---------- RECORDS TO PROCESS

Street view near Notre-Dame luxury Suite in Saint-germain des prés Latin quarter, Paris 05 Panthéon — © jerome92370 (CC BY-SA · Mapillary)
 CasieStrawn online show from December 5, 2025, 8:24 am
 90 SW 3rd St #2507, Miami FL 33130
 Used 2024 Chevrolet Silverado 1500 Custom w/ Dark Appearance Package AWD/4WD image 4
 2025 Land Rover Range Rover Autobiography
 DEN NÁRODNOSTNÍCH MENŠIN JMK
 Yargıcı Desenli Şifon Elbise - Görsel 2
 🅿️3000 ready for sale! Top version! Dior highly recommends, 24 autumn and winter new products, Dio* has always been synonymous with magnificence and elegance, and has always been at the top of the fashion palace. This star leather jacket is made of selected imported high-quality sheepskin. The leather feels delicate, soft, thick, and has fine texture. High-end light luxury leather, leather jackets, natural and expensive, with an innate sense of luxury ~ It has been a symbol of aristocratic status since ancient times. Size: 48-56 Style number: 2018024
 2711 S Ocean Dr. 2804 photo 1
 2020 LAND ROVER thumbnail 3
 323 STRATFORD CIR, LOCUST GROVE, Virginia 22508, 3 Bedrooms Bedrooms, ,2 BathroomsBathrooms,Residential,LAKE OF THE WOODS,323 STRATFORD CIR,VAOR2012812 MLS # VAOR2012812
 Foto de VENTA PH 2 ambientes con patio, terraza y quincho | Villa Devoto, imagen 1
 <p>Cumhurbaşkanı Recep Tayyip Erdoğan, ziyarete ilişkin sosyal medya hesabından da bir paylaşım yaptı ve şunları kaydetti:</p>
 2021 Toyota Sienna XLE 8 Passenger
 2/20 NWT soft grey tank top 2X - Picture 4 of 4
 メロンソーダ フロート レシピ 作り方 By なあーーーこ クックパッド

--------------------

PROMPT
The lines to report are those in the material above that contain the word "soft"; copy every one of them.

SOLVED PROBLEM
 🅿️3000 ready for sale! Top version! Dior highly recommends, 24 autumn and winter new products, Dio* has always been synonymous with magnificence and elegance, and has always been at the top of the fashion palace. This star leather jacket is made of selected imported high-quality sheepskin. The leather feels delicate, soft, thick, and has fine texture. High-end light luxury leather, leather jackets, natural and expensive, with an innate sense of luxury ~ It has been a symbol of aristocratic status since ancient times. Size: 48-56 Style number: 2018024
 2/20 NWT soft grey tank top 2X - Picture 4 of 4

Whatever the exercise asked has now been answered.